**DATA SUPPLIED**
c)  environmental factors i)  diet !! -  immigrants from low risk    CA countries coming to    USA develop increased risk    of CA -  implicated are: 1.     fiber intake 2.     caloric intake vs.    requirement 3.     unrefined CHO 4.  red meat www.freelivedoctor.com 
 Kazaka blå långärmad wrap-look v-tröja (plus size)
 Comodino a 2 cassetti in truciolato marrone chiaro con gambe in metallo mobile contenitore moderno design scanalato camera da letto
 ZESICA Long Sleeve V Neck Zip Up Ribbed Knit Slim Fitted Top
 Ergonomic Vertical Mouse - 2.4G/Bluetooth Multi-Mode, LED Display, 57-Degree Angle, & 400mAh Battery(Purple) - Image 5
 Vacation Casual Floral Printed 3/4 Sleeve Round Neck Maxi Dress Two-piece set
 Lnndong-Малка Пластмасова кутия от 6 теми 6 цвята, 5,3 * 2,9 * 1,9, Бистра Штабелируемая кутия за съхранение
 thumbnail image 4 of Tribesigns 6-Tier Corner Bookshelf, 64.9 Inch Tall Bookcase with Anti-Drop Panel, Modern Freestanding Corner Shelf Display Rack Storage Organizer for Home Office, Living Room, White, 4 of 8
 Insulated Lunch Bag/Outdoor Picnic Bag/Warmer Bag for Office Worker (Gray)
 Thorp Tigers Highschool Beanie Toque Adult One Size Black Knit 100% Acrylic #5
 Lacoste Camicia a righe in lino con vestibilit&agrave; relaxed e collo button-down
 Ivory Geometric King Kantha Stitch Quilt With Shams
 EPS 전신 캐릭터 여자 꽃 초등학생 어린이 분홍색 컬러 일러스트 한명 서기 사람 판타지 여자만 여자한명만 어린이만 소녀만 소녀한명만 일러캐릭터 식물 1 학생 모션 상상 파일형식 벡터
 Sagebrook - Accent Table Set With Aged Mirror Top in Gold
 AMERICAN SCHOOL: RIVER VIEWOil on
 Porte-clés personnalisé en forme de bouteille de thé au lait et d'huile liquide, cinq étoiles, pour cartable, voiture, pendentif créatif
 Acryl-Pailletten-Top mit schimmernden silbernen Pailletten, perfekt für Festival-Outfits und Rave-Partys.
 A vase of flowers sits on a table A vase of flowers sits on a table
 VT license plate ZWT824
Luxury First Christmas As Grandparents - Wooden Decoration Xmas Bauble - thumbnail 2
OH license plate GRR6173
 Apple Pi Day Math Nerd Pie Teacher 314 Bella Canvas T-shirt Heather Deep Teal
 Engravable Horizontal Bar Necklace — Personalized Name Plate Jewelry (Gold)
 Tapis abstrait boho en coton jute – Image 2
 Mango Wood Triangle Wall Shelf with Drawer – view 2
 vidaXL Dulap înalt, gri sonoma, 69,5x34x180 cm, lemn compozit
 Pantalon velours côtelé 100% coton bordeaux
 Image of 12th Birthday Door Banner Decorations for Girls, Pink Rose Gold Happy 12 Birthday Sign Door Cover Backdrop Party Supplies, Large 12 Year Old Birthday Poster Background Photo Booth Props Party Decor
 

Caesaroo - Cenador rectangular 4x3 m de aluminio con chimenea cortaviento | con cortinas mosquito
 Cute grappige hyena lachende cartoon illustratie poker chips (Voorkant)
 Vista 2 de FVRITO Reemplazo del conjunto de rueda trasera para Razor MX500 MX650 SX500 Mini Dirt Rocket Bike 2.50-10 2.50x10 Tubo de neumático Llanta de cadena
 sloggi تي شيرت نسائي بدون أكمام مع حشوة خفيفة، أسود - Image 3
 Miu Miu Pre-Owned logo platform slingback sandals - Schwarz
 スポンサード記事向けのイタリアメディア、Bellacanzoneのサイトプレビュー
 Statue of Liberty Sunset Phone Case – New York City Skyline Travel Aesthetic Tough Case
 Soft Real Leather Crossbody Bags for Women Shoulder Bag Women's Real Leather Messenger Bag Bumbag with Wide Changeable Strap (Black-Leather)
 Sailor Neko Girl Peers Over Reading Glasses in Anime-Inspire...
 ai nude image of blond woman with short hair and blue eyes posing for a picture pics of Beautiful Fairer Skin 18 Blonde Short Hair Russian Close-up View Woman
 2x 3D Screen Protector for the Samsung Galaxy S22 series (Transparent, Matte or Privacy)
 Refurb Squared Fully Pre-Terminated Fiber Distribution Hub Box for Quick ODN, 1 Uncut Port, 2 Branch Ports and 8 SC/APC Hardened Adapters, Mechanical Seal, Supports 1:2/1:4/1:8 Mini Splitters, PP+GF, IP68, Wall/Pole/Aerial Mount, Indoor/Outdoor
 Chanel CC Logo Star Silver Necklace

**PROBLEM REQUIREMENTS**
Among the lines above, find the one with "A vase of flowers sits on a table A" and the one with "Cute grappige hyena". Quote both and everything between them, exactly.

**WORKED SOLUTION**
 A vase of flowers sits on a table A vase of flowers sits on a table
 VT license plate ZWT824
Luxury First Christmas As Grandparents - Wooden Decoration Xmas Bauble - thumbnail 2
OH license plate GRR6173
 Apple Pi Day Math Nerd Pie Teacher 314 Bella Canvas T-shirt Heather Deep Teal
 Engravable Horizontal Bar Necklace — Personalized Name Plate Jewelry (Gold)
 Tapis abstrait boho en coton jute – Image 2
 Mango Wood Triangle Wall Shelf with Drawer – view 2
 vidaXL Dulap înalt, gri sonoma, 69,5x34x180 cm, lemn compozit
 Pantalon velours côtelé 100% coton bordeaux
 Image of 12th Birthday Door Banner Decorations for Girls, Pink Rose Gold Happy 12 Birthday Sign Door Cover Backdrop Party Supplies, Large 12 Year Old Birthday Poster Background Photo Booth Props Party Decor
 

Caesaroo - Cenador rectangular 4x3 m de aluminio con chimenea cortaviento | con cortinas mosquito
 Cute grappige hyena lachende cartoon illustratie poker chips (Voorkant)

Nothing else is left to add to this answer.